# Events for 11/01/2022 from all calendars

## Douglas Lectures

**Time: ** 4:00PM - 4:50PM

**Location: ** BLOC 117

**Speaker: **Vern Paulsen

**Title: ***The Theory of Nonlocal Games and the problems of Tsirelson and Connes*

**Abstract: **Computer scientists have found ways to convert many tasks, such as determining if a system of equations has a solution, into games. When the players are allowed to access quantum entanglement, which is a nonlocal phenomenon, many games/tasks that have no classical solutions can be shown to have ``quantum'' solutions. This has led to the creation of new complexity classes in computer science and recently this complexity theory was used to prove that a long-standing problem in operator algebras, the Connes Embedding Problem(CEP), has a negative solution.

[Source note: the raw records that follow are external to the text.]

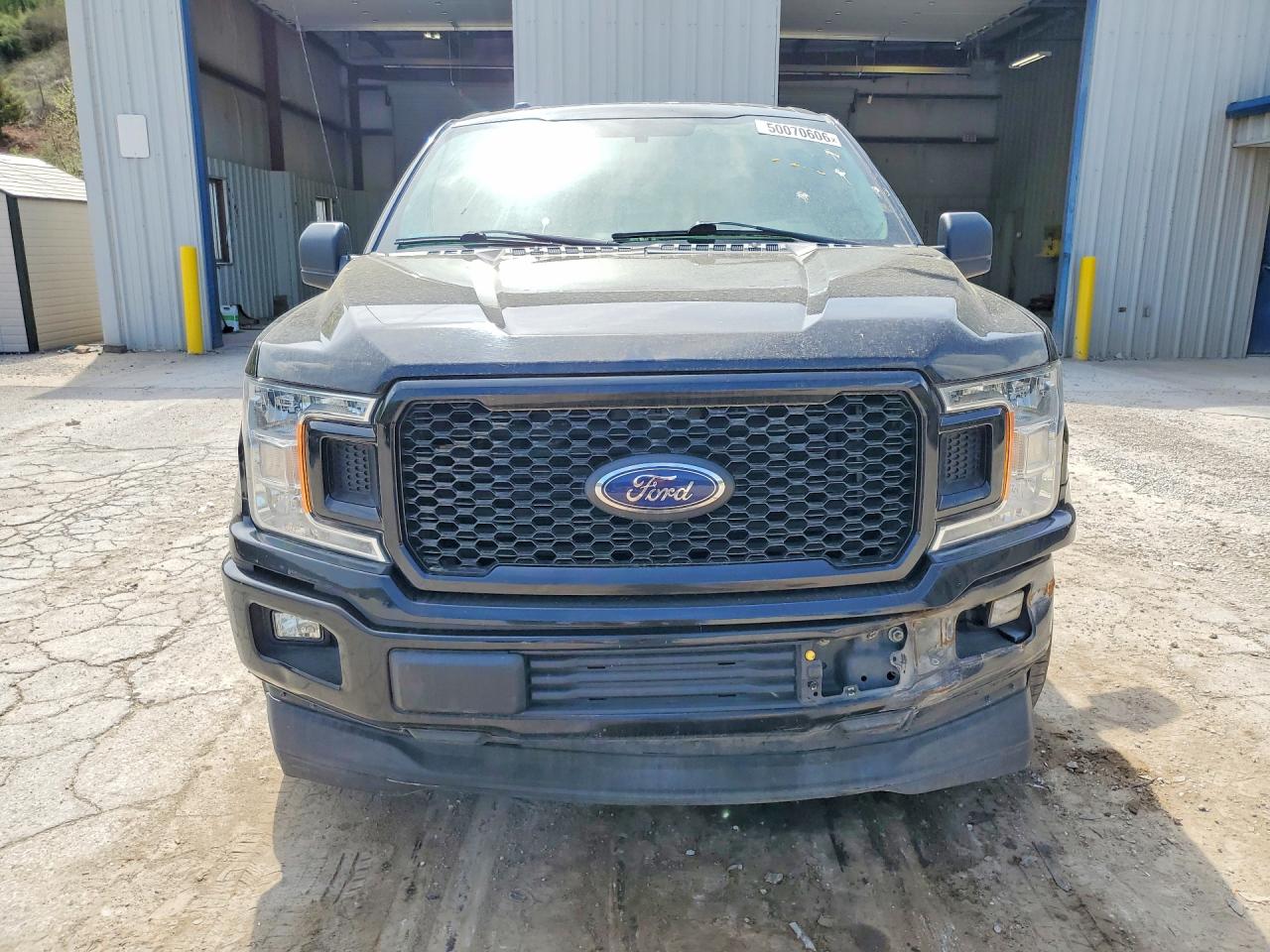 2018 FORD F150 SUPERCREW photo 13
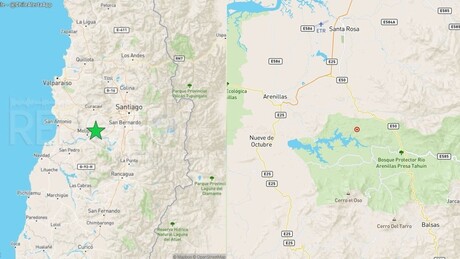 Fortes terremotos atingem quatro países da América Latina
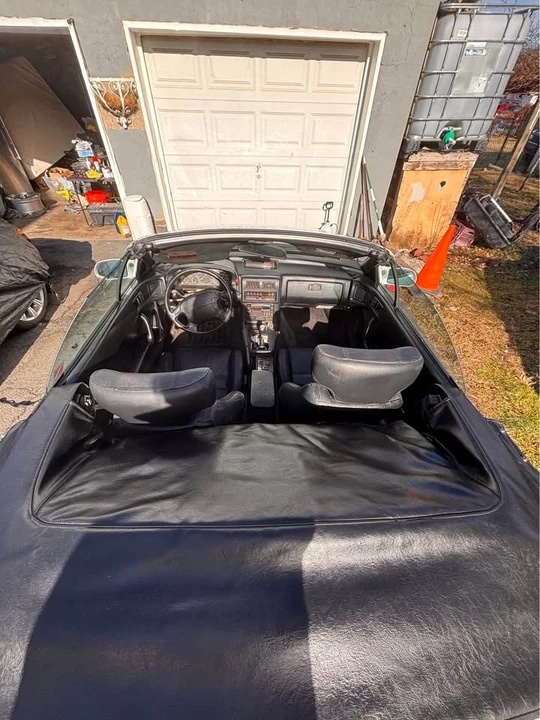 1990 Mazda RX-7 FC - Image 17 of 18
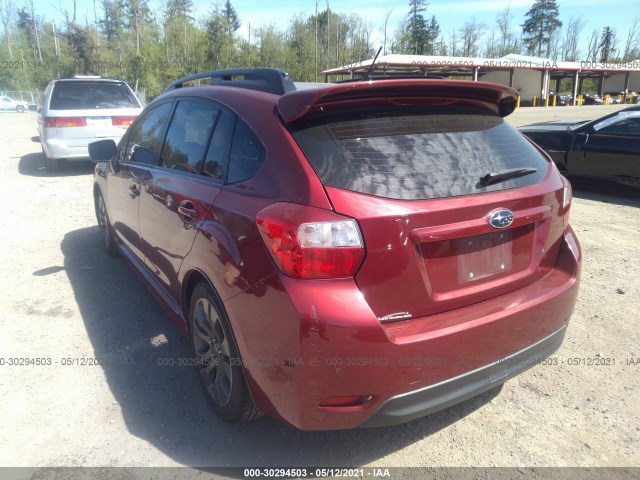 Photo 2 VIN: JF1GPAR6XCH207448 - SUBARU IMPREZA WAGON 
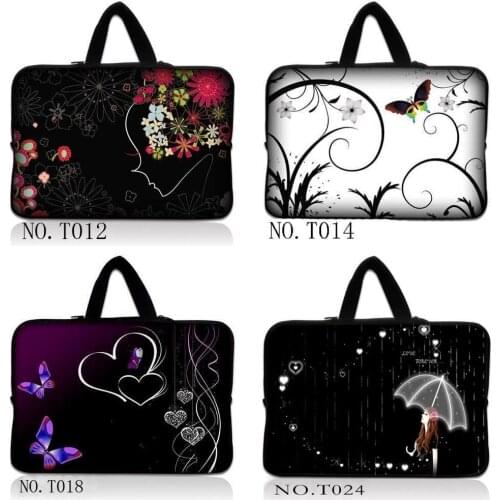 Laptop Sleeve Bag For Macbook Air 13 Touch ID 2018 Pro 13 11 12 15 bags Case For Xiaomi 13.3 15.6 notebook Cover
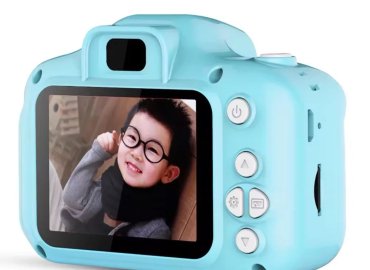 Kids’ Adventure Camera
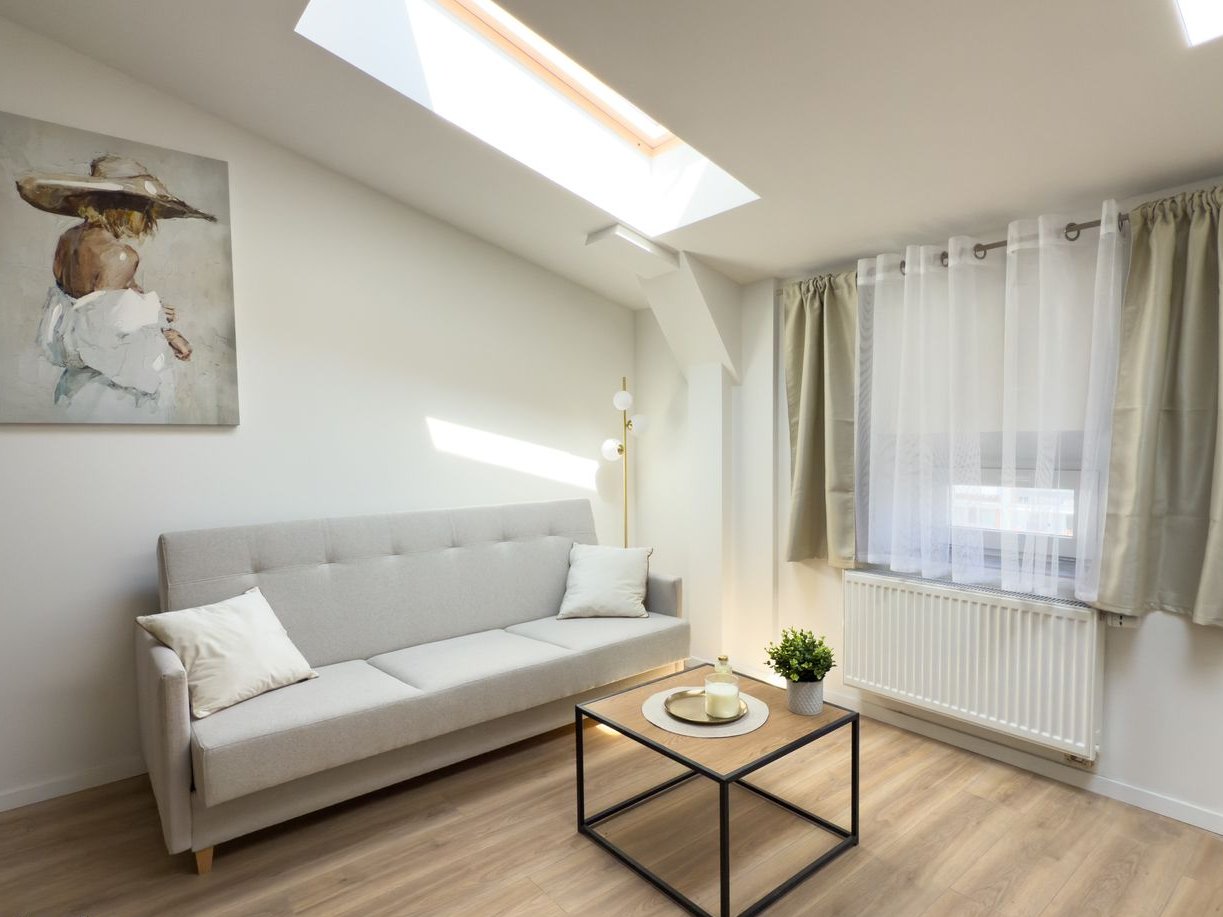 Kawalerka Centrum! Klimatyzacja, top lokalizacja, bez PCC 2%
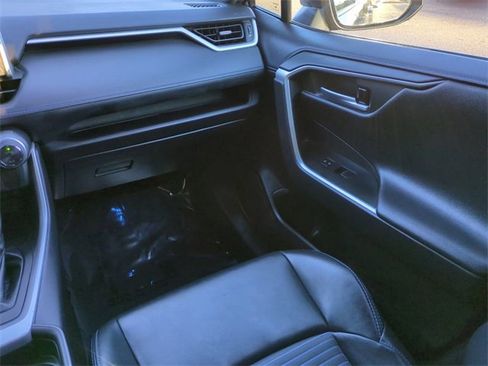 Used 2021 Toyota RAV4 XSE w/ XSE Grade Weather Package image 17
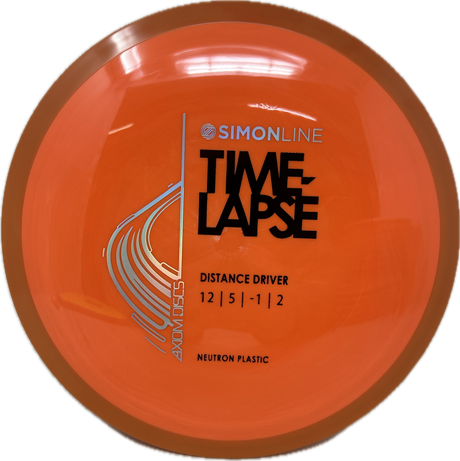 Time-Lapse (Retooled)-MVP-Foundation Disc Golf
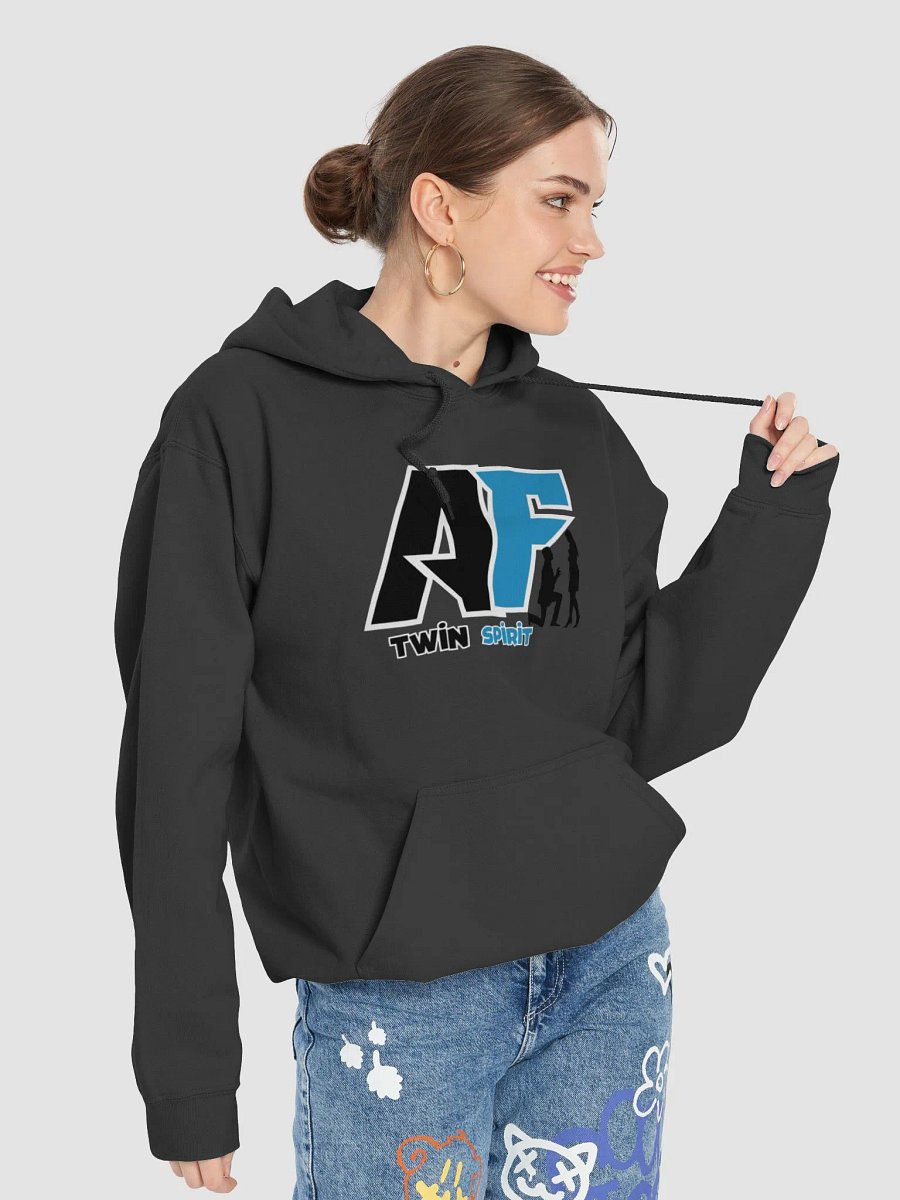 AF Twin Spirit Logo Hoodie product image (7)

In these talks we touch on many of these ideas and focus on the study of a family of these ``nonlocal'' games. We will show how the study of nonlocal games, without referring to complexity theory, leads to the negation of CEP.

In Lecture 1, we will introduce the types of two person, cooperative games that we will be studying. We will discuss probabilistic strategies for games and quantum correlations. We will then introduce prover games that can be used to give probabilistic proofs that the players have solved certain types of problems. These include games for graph colourings, graph isomorphisms and games to determine if the players have solved a system of equations. This lecture should be broadly accessible.